— What to produce —
Your answer should be the lines from the one with "A justice driven" to the end of the data below, both included, exact and free of pictures.

>>

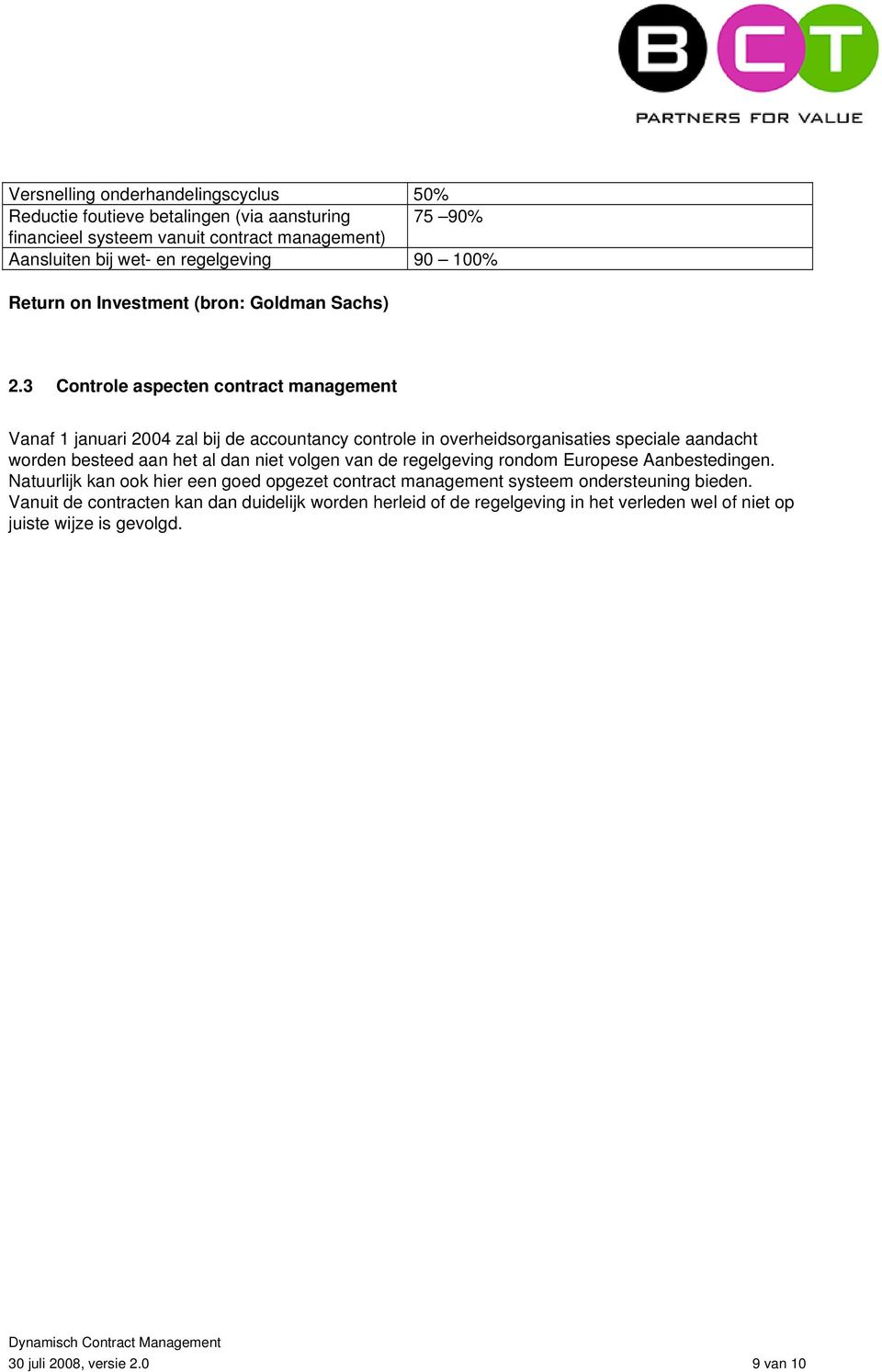 3 Controle aspecten contract management Vanaf 1 januari 2004 zal bij de accountancy controle in overheidsorganisaties speciale aandacht worden besteed aan het al dan niet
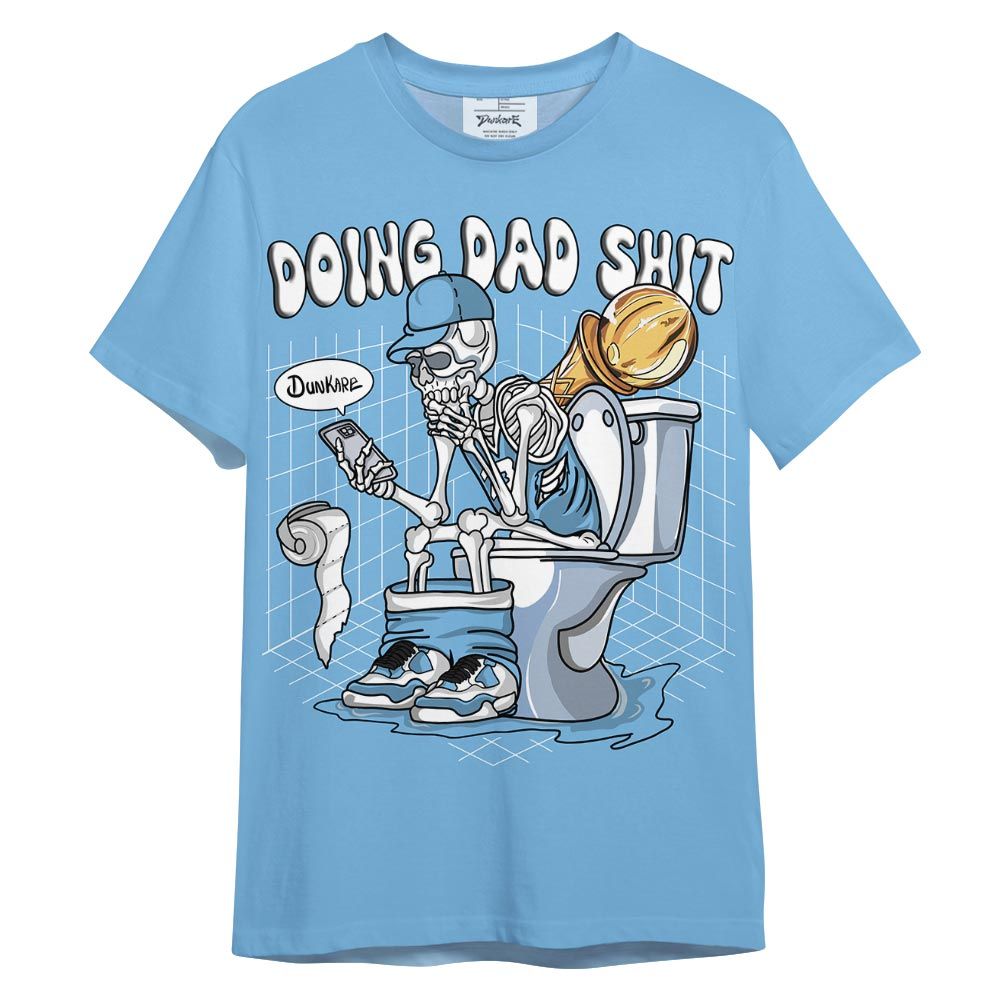 Shirt To Match Craft Paris 6s - Doing Dad Shit Shirt 3D Graphic Outfit 0705 TCD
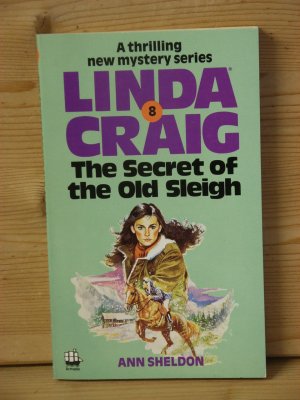 "linda craig - the secret of the old sleigh" a thrilling new mystery series 8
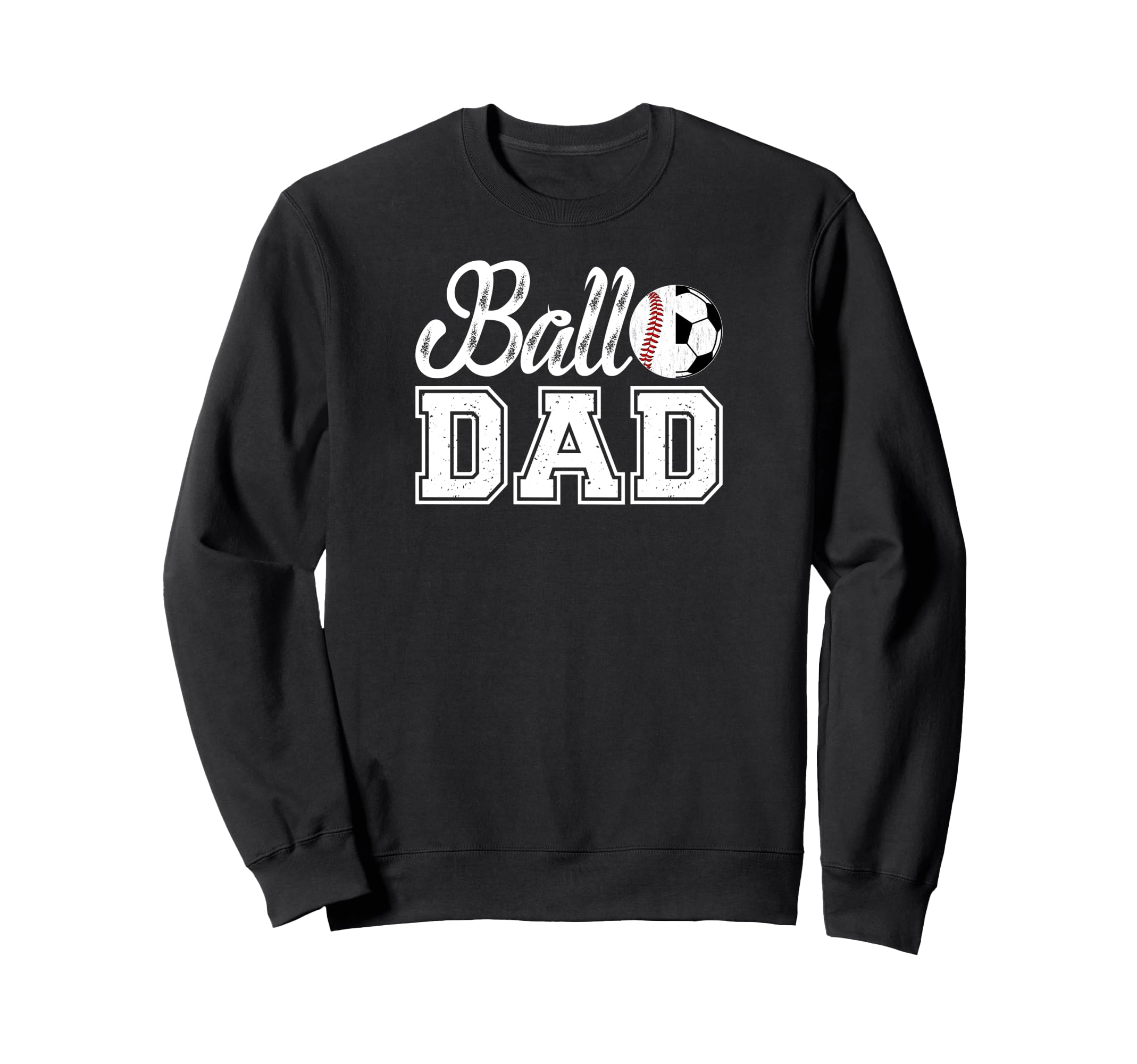 Ball Dad Baseball Soccer Dad Soccer Sweatshirt - Aesthetic Graphic Unisex - T-Shirt, Sweatshirt, Hoodie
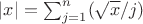 $|x| = \sum_{j=1}^{n}(\sqrt{x}/j) $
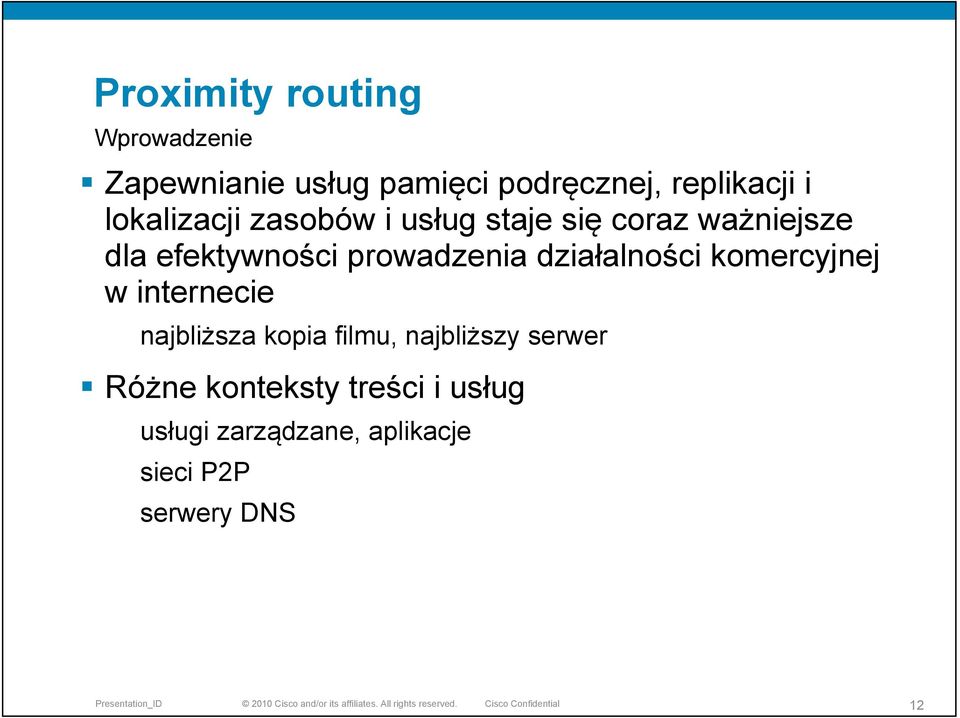 najbliższa kopia filmu, najbliższy serwer Różne konteksty treści i usług usługi zarządzane, aplikacje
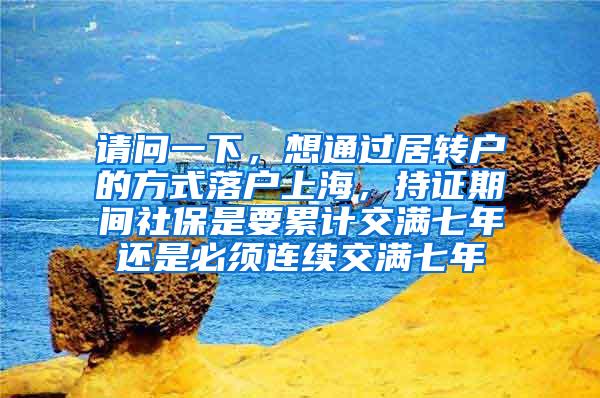 请问一下，想通过居转户的方式落户上海，持证期间社保是要累计交满七年还是必须连续交满七年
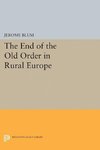 The End of the Old Order in Rural Europe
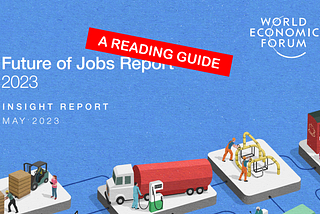 A justice driven reading guide for the ‘Future of Jobs’ report by the World Economic Forum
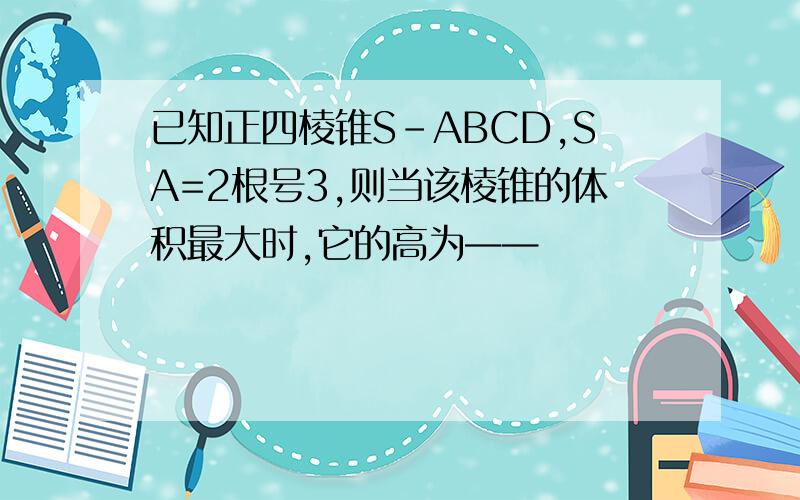 已知正四棱锥S-ABCD,SA=2根号3,则当该棱锥的体积最大时,它的高为——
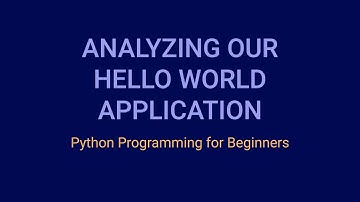 Analyzing Our Hello World Application | Python Tutorial for Beginners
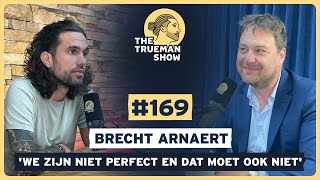 The Trueman Show #169 Brecht Arnaert 'We zijn niet perfect en dat moet ook niet'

<<

— Task response —
 A justice driven reading guide for the ‘Future of Jobs’ report by the World Economic Forum
 已知正四棱锥S-ABCD,SA=2根号3,则当该棱锥的体积最大时,它的高为——
 Analyzing Our Hello World Application | Python Tutorial for Beginners
 The Trueman Show #169 Brecht Arnaert 'We zijn niet perfect en dat moet ook niet'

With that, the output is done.